The same thought pattern is also found in other of Raheb’s statements. In 2014, he claimed that “the Palestinian Church was active before any other church in the world”. The bishop should check whether Peter, James, and John recognize themselves in that description of reality.

Raheb argued in the same speech that the Zionists “planned to dominate not only Palestine but also several other countries such as Syria, Iraq, Jordan and Egypt.”

In an article titled “Mitri Raheb’s Dark Side” from July 21, 2017, Dexter Van Zile summarizes Raheb’s business. The Palestinians’ “main message to Christians is that Jewish self-understanding is the underlying cause of the Arab-Israeli conflict, and that jihad violence that has cost so many Christians, Jews and Muslims their lives – has no roots in Islamic teaching and history, but only is a response to the political repression of Arab dictators ».

“Raheb is not a peacemaker, as his followers believe, but a Christian anti-Zionist who digs into the Bible for expressions he can use to delegitimize Israel,” Van Zile concludes.

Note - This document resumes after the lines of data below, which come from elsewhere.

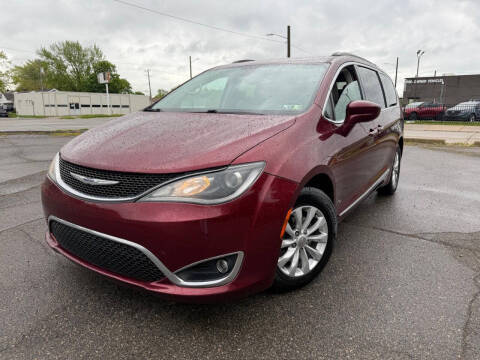 2017 Chrysler Pacifica Minivan Touring-L FWD photo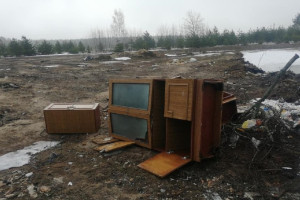 У плотины в Красной Горбатке нашли мусорную свалку 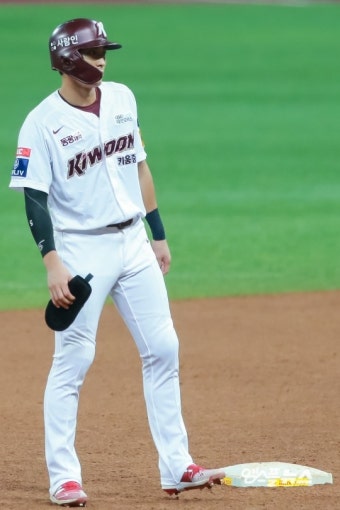 [M+포토] 이정후, '복귀 알리는 2루타'
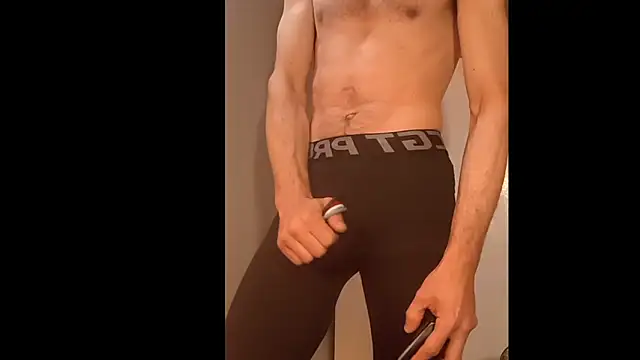 Snapshot of slendt94 chatting on 10.19.25 slendt94 online show from 10.19.25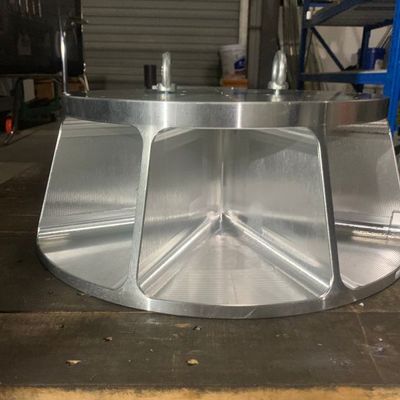 成都卧式加工中心对外8面腔体工装加工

On Friday, May 24, Raheb was interviewed by Kristeligt Dagblad: “Mitri Raheb believes that Jesus and the whole message of the Bible clearly speaks against today’s Israel. The Bible’s story is basically a story about the occupied Palestinian people,” the journalist sums up , Nikolaj Krak. We assume that most readers will be able to do a fact check on the latter on their own.


Information about Mitri Raheb from the article in Kristeligt Dagblad: “Born in 1962 and pastor of the Lutheran Christmas Church in Bethlehem. Is the leader of the Diyar Lutheran institution in Bethlehem, which is a cultural center, school, health center and art academy, and employs over 100 people.